- [Study material]
--------------------------------

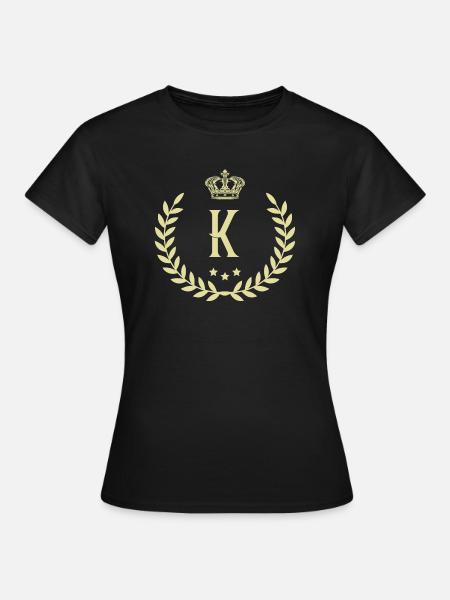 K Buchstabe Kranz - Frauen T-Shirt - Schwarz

--------------------------------

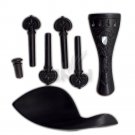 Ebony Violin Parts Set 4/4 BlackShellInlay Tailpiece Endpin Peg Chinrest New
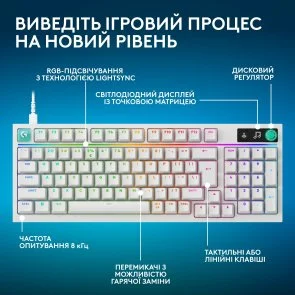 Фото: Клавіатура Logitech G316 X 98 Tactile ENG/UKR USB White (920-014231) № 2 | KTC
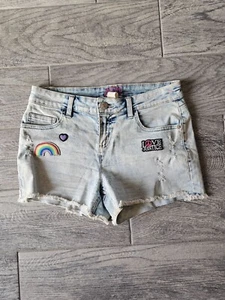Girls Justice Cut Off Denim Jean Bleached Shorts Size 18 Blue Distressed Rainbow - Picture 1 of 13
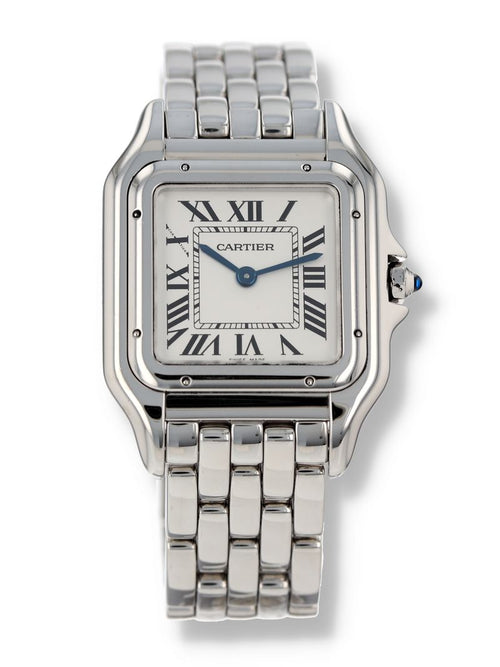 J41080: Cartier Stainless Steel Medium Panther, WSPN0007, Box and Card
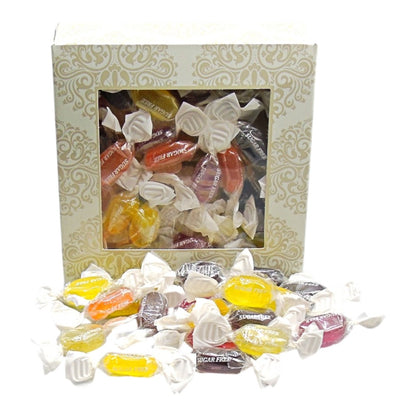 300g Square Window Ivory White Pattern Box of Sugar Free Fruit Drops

--------------------------------

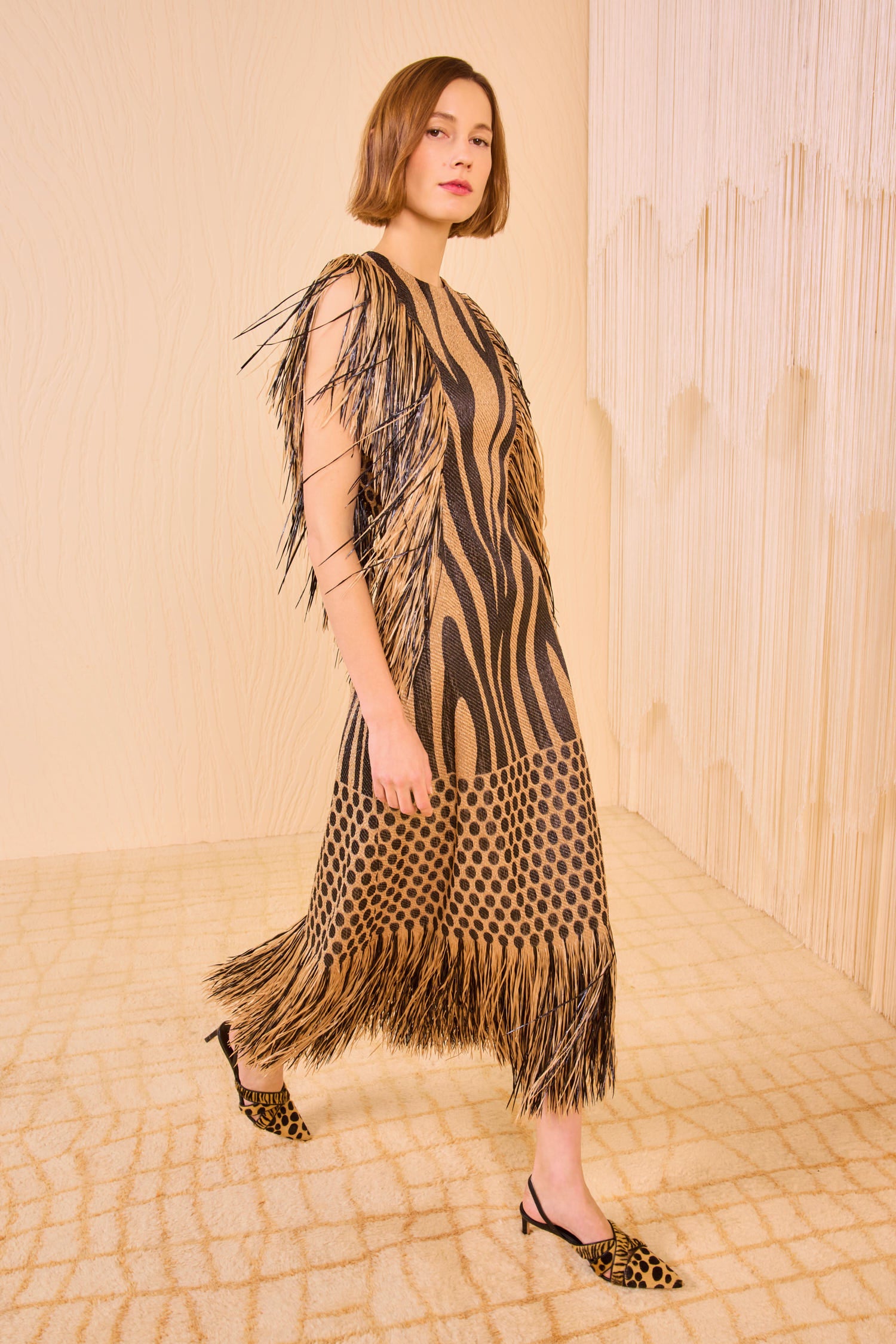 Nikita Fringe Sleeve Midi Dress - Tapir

--------------------------------

- [Problem requirements] Set the pictures aside and retype exactly the lines above from the line with "Фото: Клавіатура Logitech" to the line with "300g Square Window", both included, adding no others.

- [Task solution]
 Фото: Клавіатура Logitech G316 X 98 Tactile ENG/UKR USB White (920-014231) № 2 | KTC
Girls Justice Cut Off Denim Jean Bleached Shorts Size 18 Blue Distressed Rainbow - Picture 1 of 13
 J41080: Cartier Stainless Steel Medium Panther, WSPN0007, Box and Card
 300g Square Window Ivory White Pattern Box of Sugar Free Fruit Drops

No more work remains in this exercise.